The job order costing follows three steps. The first step entails predicting the cost of the job. This cost is pegged on the product design developed by either the company or the client. The second step entails price negotiation and decision on whether to proceed with the job. Besides cost-plus contracts, the price is dictated by market forces. Manufacturers assess the market price, contrast it with the expense, and figure out if the return is sensible. In the event that the return is not sensible, the manufacturer would decide on the preferred target cost. The third and the last step involve scheduling production process. The schedule should address the client’s needs and match with the manufacturer’s limitations. The individuals preparing the work schedule must also pay attention to workplace facilities, for instance, space, human resource, and supplies. When the schedule is finished, the manufacturer can order for raw materials. Manufacturing takes place as raw materials and work is connected with the job (Walther & Skousen, 2010, p. 14). Figure 1 below shows an example of job order operations.
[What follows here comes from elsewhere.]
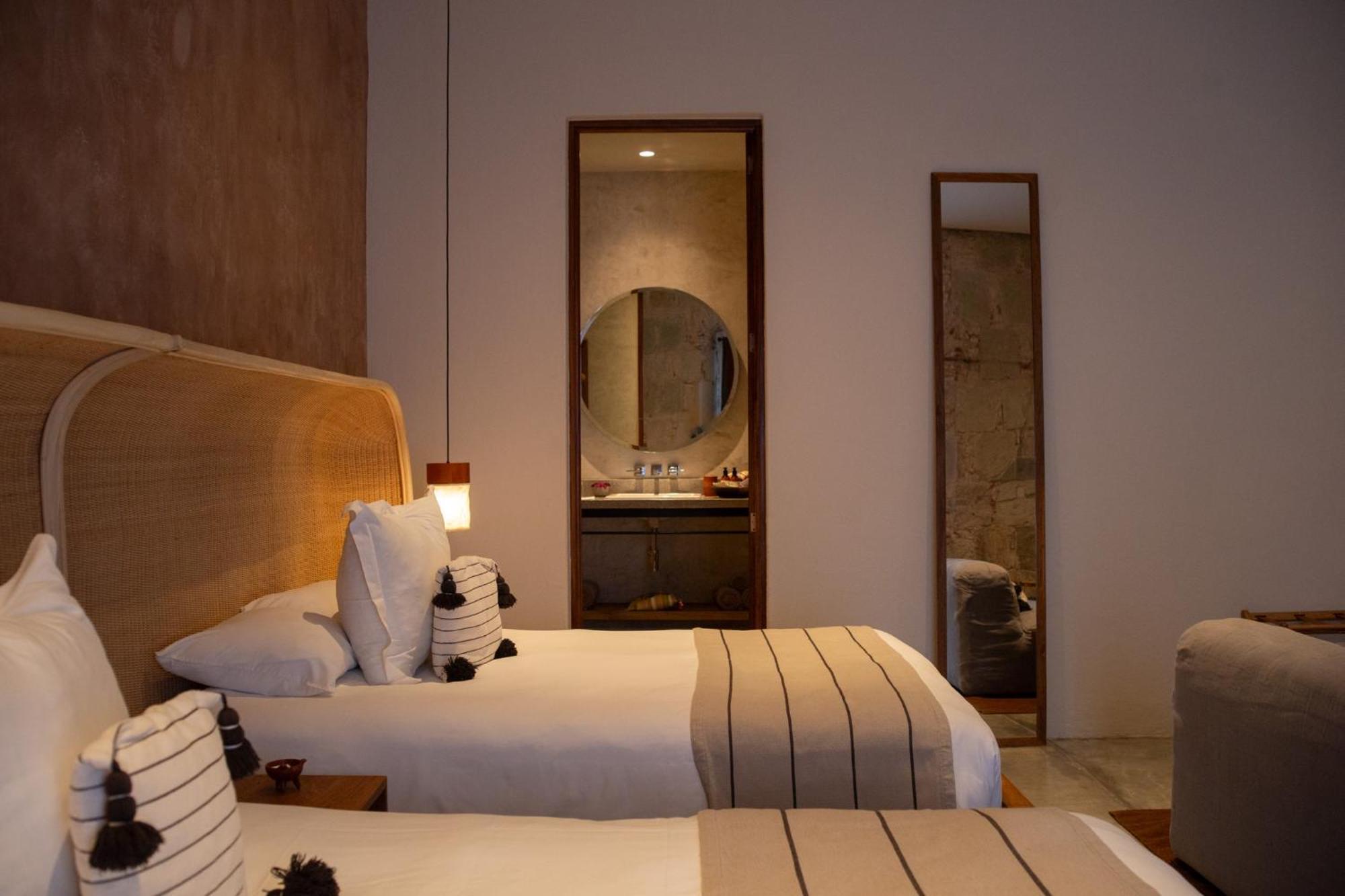 Suite Two Queen Beds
The figure above demonstrates the production operations of a company that installs safety gadgets in autos and trucks. The security gadgets include alarms, fortified exterior, impenetrable glass, and explosive sensors. The company’s clients are individuals who need additional security in their automobile. In order to make this happen, the company requires materials, labor and overhead costs. Remember that direct materials are products utilized in the production process that are distinctly linked to a specific job. Likewise, direct labor is work linked to a specific job. On the other hand, overhead costs are costs that bolster production of more than a single job. Conventional overhead items are depreciation on company facilities, production line supplies, supervision, repairs, cleaning, and other items serving various functions.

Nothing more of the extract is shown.